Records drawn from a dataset
=== Begin Enclosure ===

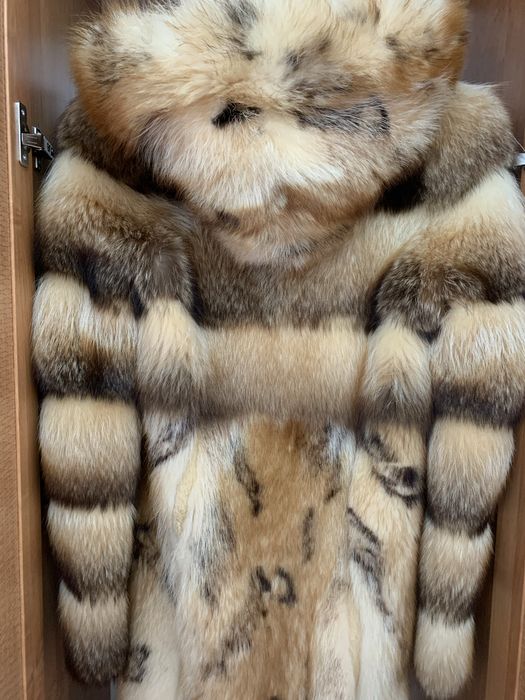 Шуба лисый мех, новый носила 1-2 раза , размер стал меньшее,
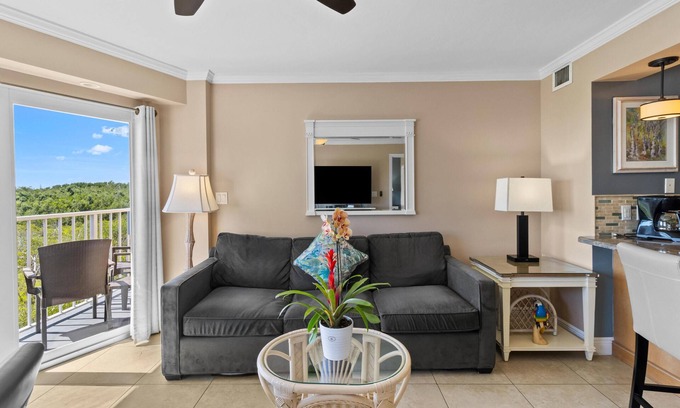 Tavernier Condo | Couples' Retreat 1BR w/Pool & Ocean View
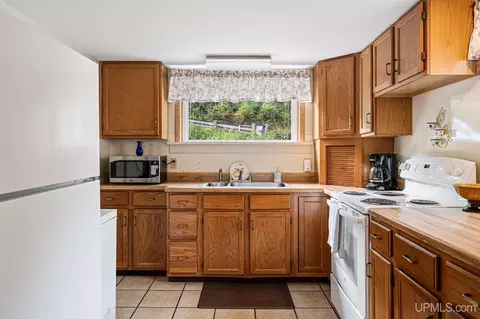 Kitchen - 131 Zoberlein, Ishpeming, MI 49849 photo 2 of 2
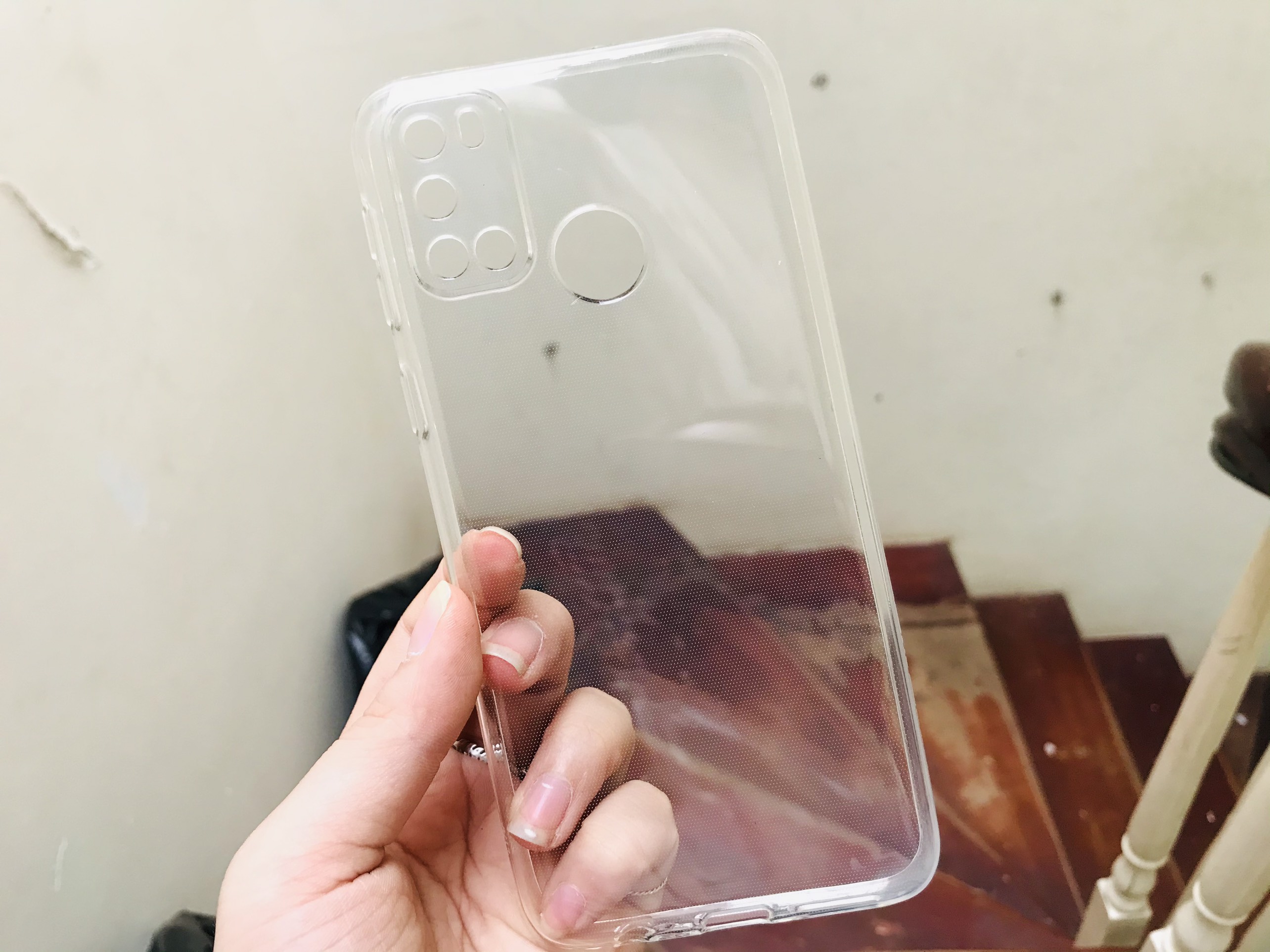 Ốp dẻo trong silicon loại đẹp cho VSMART JOY 4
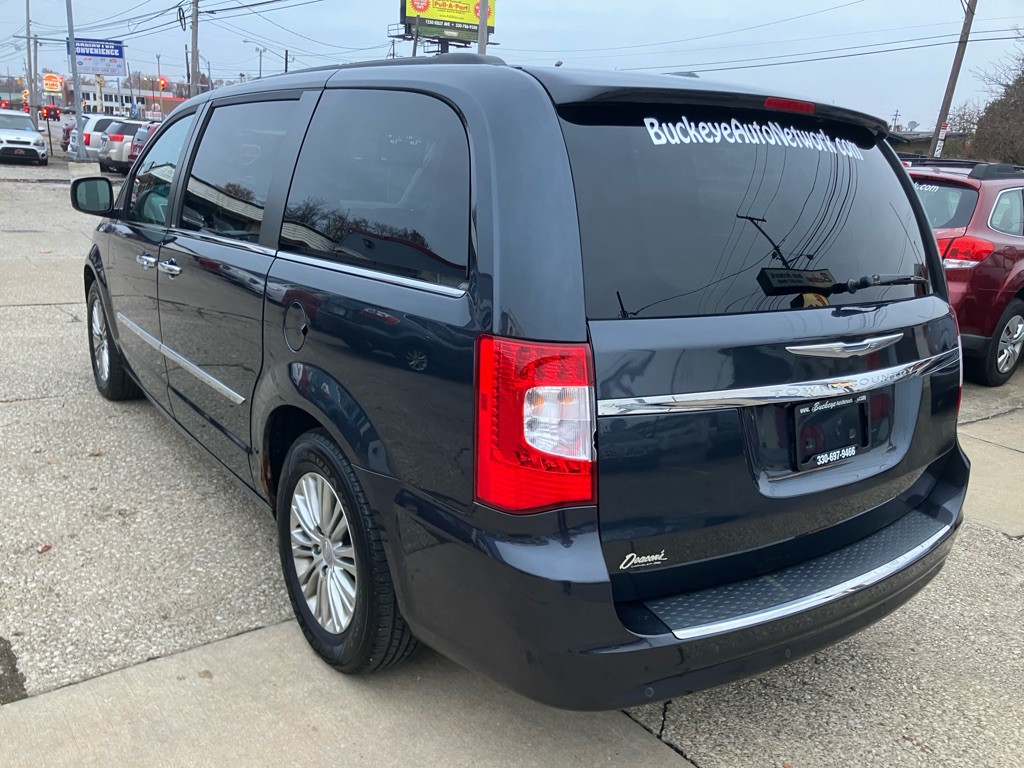 2014 Chrysler Town & Country Image 6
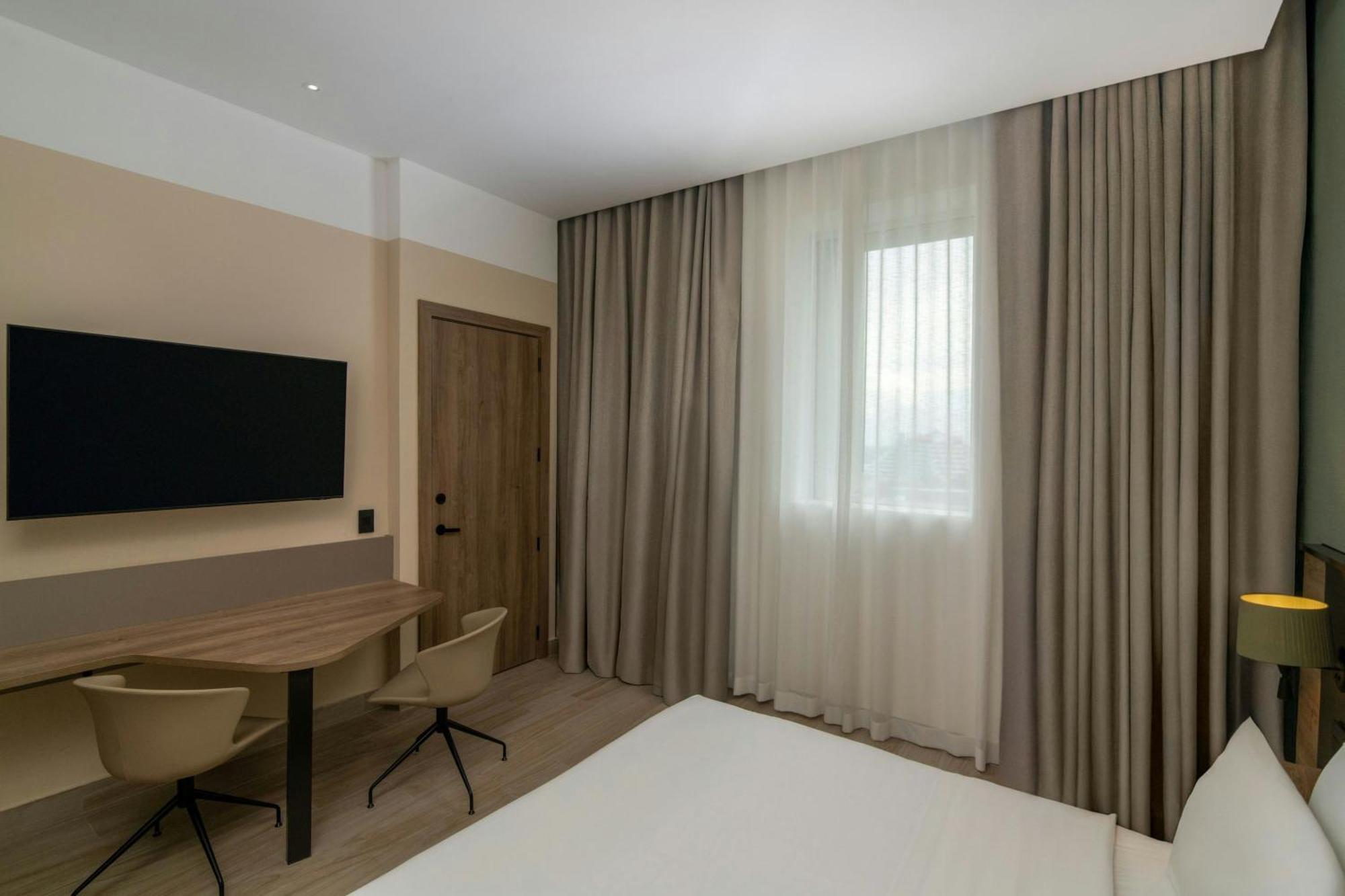 Hotel By Marriott Santiago De Caballeros *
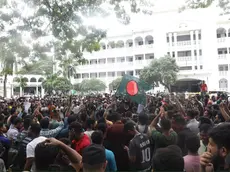 epa11541615 Protestors take part a demonstration on the premises of the Supreme Court, as they demand Chief Justice Obaidul Hassan resign, in Dhaka, Bangladesh, 10 August 2024. EPA/MONIRUL ALAM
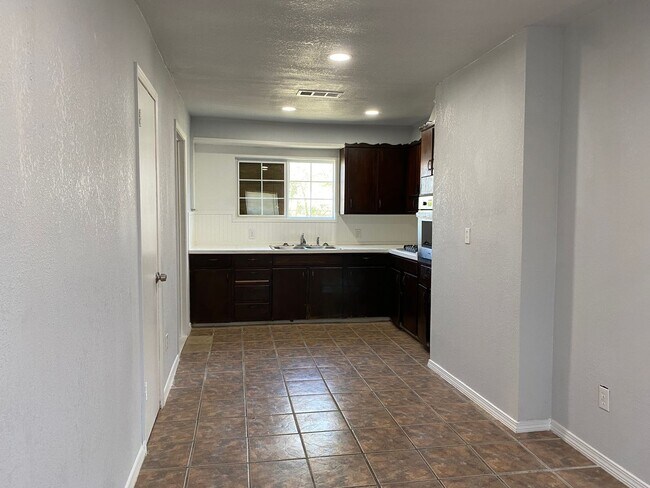 Building Photo - 3 Bedroom 1 Bath Home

=== End Enclosure ===

TASK DIRECTIONS: Please write out the lines above exactly, from the one that contains "epa11541615 Protestors take" through the final line, and include none of the pictures.

SOLVED EXERCISE:
 epa11541615 Protestors take part a demonstration on the premises of the Supreme Court, as they demand Chief Justice Obaidul Hassan resign, in Dhaka, Bangladesh, 10 August 2024. EPA/MONIRUL ALAM
 Building Photo - 3 Bedroom 1 Bath Home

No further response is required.